The holiday thus was seen mainly as a regional observance until 1863 when President Lincoln declared three Thanksgiving days, two of which to celebrate Union military victories; the first following Shiloh on April 13 and the second a national day of thanks for the Gettysburg victory on August 6. The third day is the one described in the proclamation above. Perhaps Lincoln’s own family ties had some relevance to Thanksgiving, or perhaps he encountered it among his constituents and decided to expand the practice. Either way, today’s national holiday celebration was clearly founded at the end of the Civil War and not by the pilgrims or the Founding Fathers, as is often incorrectly claimed.
In fact, presidential declarations of Thanksgiving made absolutely no mention of the Plymouth Pilgrims or a “First Thanksgiving” until Herbert Hoover’s proclamation of 1931. This revision was apparently due to a change from how Pilgrims (and Indians) were perceived. Depictions of the settlers in America before the 19th century showed violent confrontation with people they encountered. As late as the 1910s a typical Thanksgiving “Pilgrim-puritan” image is more likely to have suggested settlers were fleeing a shower of arrows and running to safety than sitting down for a friendly meal with the “natives”.
The more modern imagery of Pilgrims and Indians sharing a communal and harmonious meal most likely found its place as an icon of American history in the early 1900s. The U.S. was concerned at that time with large numbers of immigrants and the related issues of integration into American culture. A Thanksgiving image of dissimilar ethnic communities co-existing amid peace and plenty was considered an effective message to help avoid confrontations. It was out of this school of thought that Jennie Brownscombe’s “First Thanksgiving” was painted in 1914 for Life magazine. Pilgrims were cast in a role to provide an example of the close-knit, religiously inspired American community. This also gained popularity as an image of American values and virtuosity to help boost morale during the dark days of the First World War.

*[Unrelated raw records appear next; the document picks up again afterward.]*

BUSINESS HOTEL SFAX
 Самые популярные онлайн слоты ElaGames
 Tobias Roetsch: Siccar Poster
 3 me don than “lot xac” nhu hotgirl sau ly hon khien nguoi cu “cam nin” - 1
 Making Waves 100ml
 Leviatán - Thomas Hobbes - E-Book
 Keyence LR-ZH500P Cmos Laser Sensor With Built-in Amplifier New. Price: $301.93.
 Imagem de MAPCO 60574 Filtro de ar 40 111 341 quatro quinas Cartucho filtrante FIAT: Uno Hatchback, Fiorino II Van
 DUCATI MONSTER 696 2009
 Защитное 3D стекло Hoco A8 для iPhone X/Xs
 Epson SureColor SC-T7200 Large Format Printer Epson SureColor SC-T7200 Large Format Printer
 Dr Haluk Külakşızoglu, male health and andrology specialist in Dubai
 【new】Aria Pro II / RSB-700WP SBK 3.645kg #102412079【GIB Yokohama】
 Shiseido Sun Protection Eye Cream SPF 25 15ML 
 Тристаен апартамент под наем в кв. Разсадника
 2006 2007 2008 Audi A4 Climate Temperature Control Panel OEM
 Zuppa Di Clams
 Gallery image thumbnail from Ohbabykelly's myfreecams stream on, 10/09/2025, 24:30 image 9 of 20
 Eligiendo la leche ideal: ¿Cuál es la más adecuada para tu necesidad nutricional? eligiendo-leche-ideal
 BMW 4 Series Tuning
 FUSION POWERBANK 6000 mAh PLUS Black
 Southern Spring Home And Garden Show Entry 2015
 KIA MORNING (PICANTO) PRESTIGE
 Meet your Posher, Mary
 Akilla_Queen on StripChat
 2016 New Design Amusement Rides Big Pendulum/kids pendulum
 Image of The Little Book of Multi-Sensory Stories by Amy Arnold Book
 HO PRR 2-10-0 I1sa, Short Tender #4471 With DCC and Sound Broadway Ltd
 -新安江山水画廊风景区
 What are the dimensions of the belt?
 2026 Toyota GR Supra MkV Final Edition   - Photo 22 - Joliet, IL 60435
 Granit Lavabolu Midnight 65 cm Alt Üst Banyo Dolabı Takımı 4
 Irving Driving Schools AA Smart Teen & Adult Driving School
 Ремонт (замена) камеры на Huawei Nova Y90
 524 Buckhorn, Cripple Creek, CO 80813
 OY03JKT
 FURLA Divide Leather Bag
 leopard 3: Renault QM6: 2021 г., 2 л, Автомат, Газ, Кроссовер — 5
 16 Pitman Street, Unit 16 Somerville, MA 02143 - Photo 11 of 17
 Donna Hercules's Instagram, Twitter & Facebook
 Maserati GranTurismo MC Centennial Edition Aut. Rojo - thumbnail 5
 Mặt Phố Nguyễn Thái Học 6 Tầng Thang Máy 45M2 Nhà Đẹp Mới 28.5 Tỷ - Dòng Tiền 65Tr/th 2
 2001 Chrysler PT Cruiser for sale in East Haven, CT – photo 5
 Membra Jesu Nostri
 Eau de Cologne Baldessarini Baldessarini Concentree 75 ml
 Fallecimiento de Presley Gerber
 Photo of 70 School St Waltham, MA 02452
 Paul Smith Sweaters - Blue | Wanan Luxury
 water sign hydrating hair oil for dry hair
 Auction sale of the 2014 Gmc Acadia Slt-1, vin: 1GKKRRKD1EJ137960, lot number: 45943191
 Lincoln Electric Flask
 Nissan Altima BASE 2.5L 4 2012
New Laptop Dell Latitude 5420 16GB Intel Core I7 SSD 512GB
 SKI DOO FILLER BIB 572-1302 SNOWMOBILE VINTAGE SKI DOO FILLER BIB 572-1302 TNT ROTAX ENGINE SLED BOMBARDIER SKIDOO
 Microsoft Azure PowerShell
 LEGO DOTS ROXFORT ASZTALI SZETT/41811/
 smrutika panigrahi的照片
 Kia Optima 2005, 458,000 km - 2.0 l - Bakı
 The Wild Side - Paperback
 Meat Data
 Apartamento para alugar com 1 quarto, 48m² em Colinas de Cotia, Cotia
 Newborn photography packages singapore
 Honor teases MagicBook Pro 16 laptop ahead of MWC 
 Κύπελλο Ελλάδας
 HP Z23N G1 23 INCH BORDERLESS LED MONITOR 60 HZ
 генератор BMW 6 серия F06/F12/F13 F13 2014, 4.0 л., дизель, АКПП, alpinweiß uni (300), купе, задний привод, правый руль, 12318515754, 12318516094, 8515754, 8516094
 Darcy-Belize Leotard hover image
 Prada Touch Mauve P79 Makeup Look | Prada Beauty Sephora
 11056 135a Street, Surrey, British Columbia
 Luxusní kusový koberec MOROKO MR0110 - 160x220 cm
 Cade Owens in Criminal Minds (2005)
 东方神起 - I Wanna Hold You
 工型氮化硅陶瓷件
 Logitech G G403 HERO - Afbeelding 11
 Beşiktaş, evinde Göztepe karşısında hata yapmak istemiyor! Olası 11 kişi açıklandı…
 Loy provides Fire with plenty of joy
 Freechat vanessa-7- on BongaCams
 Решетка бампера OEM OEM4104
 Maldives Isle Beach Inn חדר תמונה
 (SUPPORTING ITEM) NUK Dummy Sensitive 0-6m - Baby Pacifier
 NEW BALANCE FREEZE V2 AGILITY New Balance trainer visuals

Support for the holiday then unravelled a bit when President Roosevelt tried in 1936, against opposition, to move the day forward by a week to extend the Christmas shopping season. By 1941, during his administration, Congress declared the fourth Thursday in November to be the legal Holiday known today as Thanksgiving. However, since there are five Thursdays in November (two out of every seven years) several states continued to celebrate on the fifth Thursday for at least the next 15 years. Any guesses which states refused to comply?
Finally, in 1956 the fourth Thursday in November became the national holiday that Americans recognize today, observed similarly by every state in the Union.
The relevance of turkey to the holiday celebration is even more unclear than the origins of the celebration. Perhaps it stems from an early description of “men out fowling” for ducks, geese, and turkey (e.g. as described in the Bradford document, “discovered” in 1854). Or perhaps it is due to sentiment expressed in Benjamin Franklin’s note that “The turkey is a much more respectable Bird and withal a true original Native of North America”. Franklin actually was so enamored of the bird that he was in favor of using the turkey as the national Bird, instead of the Bald Eagle. Thus, perhaps he is not the person to have suggested it as a centerpiece for the dinner-table.
And so, today, I have yet to meet an American who has any idea why Lincoln started the holiday, why they are asked to celebrate the image of Indians and Pilgrims, or even why they are eating a native bird.